There are 4 members of task_struct indicating the priority of the task.

  • prio is the dynamic priority of the process which can be adjusted to tackle priority donation.

  • static_prio is the priority set when the task starts.

  • normal_prio is calculated based on static_prio and scheduling policy. For ordinary processes, it is the same as static_prio. For real time processes, it will be calculated according to rt_priority

  • rt_priority is the priority of real time processes.

The schedulers also adopts the concept of 'weight' to denote the urgency of different processes. In the CFS, each task is assigned a weight. The default weight for a normal priority task (nice value of 0) is defined as a specific value, e.g., 1024. Tasks with higher priority (negative nice values) will have higher weights, while those with lower priority (positive nice values) will have lesser weights. The scheduler uses these weights to calculate the length of time each task should run on the CPU. A task with double the weight of another should, in theory, get double the CPU time.

Policy

There are five scheduler classes implemented in Linux kernel right now: stop, deadline, realtime, CFS, idle. Each of these scheduler classes defines its own scheduling policy and determines how processes in that class will be scheduled on the CPU.

  1. Stop Scheduler Class: This is the highest priority class. Tasks in the stop class are special tasks that need to run immediately. They are designed to stop other tasks and must not be preempted by any other task. For example, tasks that handle critical operations like system shutdown would fall into this category.

  2. Deadline Scheduler Class: As the name suggests, this scheduling class is focused on tasks that have strict timing requirements. Tasks with deadline requirements are guaranteed to be executed before a specified deadline. This scheduler uses the Earliest Deadline First (EDF) algorithm. Tasks in this class specify their runtime and deadline requirements.

  3. Realtime Scheduler Class: Realtime tasks are divided into two categories, depending on their scheduling policies: SCHED_FIFO (First In, First Out) and SCHED_RR (Round Robin).

    • SCHED_FIFO: A task scheduled with SCHED_FIFO will run until it relinquishes the CPU, either because it completes or because it is forced to yield.

    • SCHED_RR: A task scheduled with SCHED_RR gets a fixed time slice to run. Once this time slice is used up, it is moved to the back of the queue, allowing the next task in line to execute.

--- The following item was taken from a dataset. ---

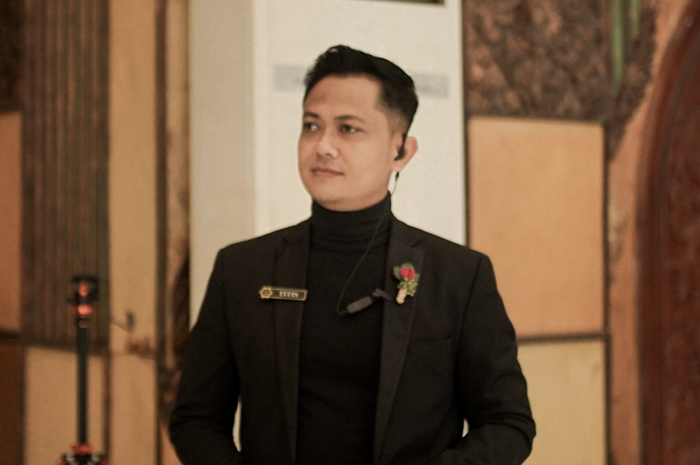 Titis Bowo Eko Prasetyo saat memimpin EO.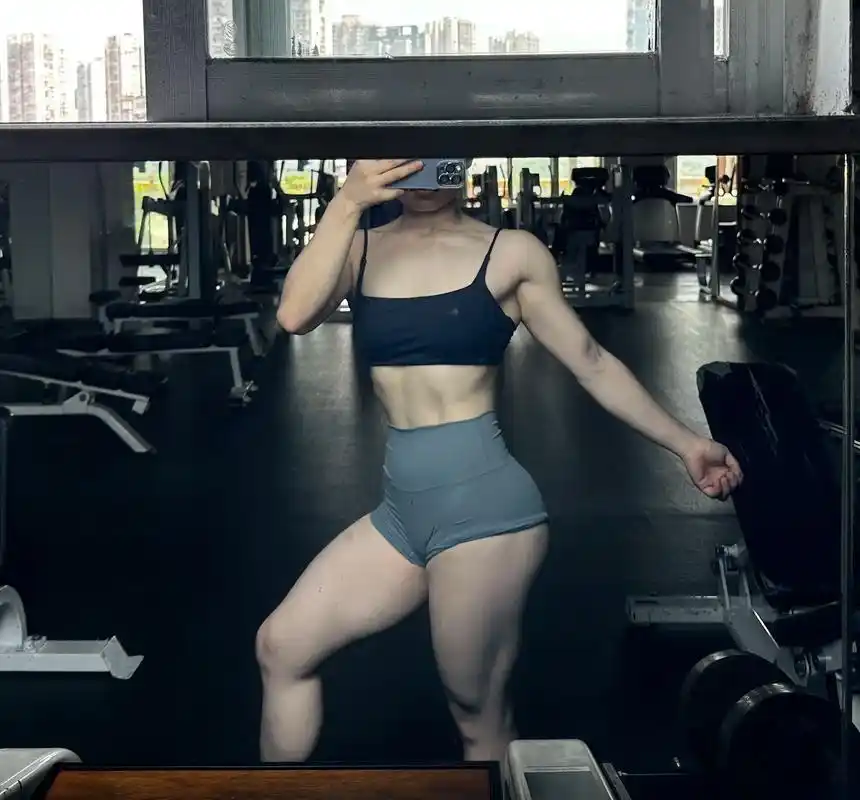 健身 肌肉女的夏天来了 - 抖音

  4. CFS (Completely Fair Scheduler): This is the default Linux process scheduler. The CFS tries to ensure a fair distribution of the CPU processing power among all tasks. It uses a time-ordered Red-Black tree to track task execution and employs the concept of 'virtual runtime' to decide which task should run next. The less a task has run, the higher its priority becomes. Policies: SCHED_NORMAL, SCHED_BATCH, SCHED_IDLE.

  5. Idle Scheduler Class: This class is for tasks that run when there is absolutely no other work that can be done. It’s the lowest priority class and runs tasks when the CPU is idle.

POSIX interface:

#include <sched.h>

int sched_setscheduler(pid_t pid, int policy, const struct sched_param *param);
int sched_setparam(pid_t pid, const struct sched_param *param);

Multi-level Feedback Queue

Rules:

  1. Priority-based Scheduling: If Process A has a higher priority than Process B, the scheduler will choose Process A.

  2. Round Robin (RR) within the Same Priority: If Process A and Process B have the same priority and are in the same queue, the Round Robin (RR) scheduling algorithm is used to decide which process runs next.

  3. Initial Queue Placement: When a process enters the scheduler for the first time, it is placed in the highest priority queue.

  4. Demotion for Full Time Slice Usage: If a process consumes its entire time slice without yielding, it is moved to a lower priority queue.

  5. Maintain Queue Position on Early Yield: If a process yields the CPU before its time slice is fully consumed, it remains in its current queue.

Some modifications to tackle edge cases:

  1. Every time period T, the priority of all processes is raised to the highest level. (To avoid starvation)

  2. Once the process uses up its time slice, it's priority is lowered even if it initiates an I/O request.

Tuning and Configuration

Tuning the scheduler can lead to performance improvements for specific workloads. Linux provides various tools and interfaces, such as sysctl and /proc filesystem, to adjust scheduler parameters. Additionally, tools like chrt can be used to change real-time attributes of processes.

Linux O(1) Scheduler

Priority Queues and Time Slices: In the Linux O(1) scheduler, tasks are organized based on their priority, which is categorized into 140 distinct levels:

  • User Tasks: These are tasks that are initiated by users, allocated 40 out of the 140 priorities.

  • Realtime/Kernel Tasks: These are tasks that are either kernel-centric or require real-time processing. They're assigned the remaining 100 priorities.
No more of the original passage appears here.